> [Information shown]:
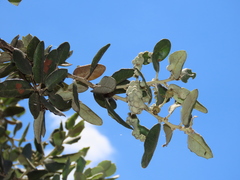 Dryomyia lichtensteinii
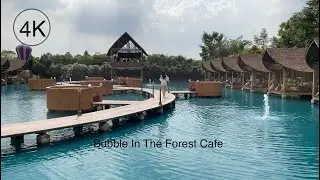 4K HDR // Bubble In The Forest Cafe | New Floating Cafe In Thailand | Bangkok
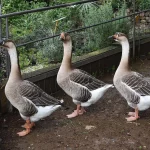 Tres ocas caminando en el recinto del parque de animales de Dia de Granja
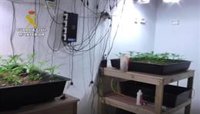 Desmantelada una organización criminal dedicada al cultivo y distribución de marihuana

> [Exercise instructions]: Write out the material above again, word for word, minus its pictures.

> [Response]:
 Dryomyia lichtensteinii
 4K HDR // Bubble In The Forest Cafe | New Floating Cafe In Thailand | Bangkok
 Tres ocas caminando en el recinto del parque de animales de Dia de Granja
 Desmantelada una organización criminal dedicada al cultivo y distribución de marihuana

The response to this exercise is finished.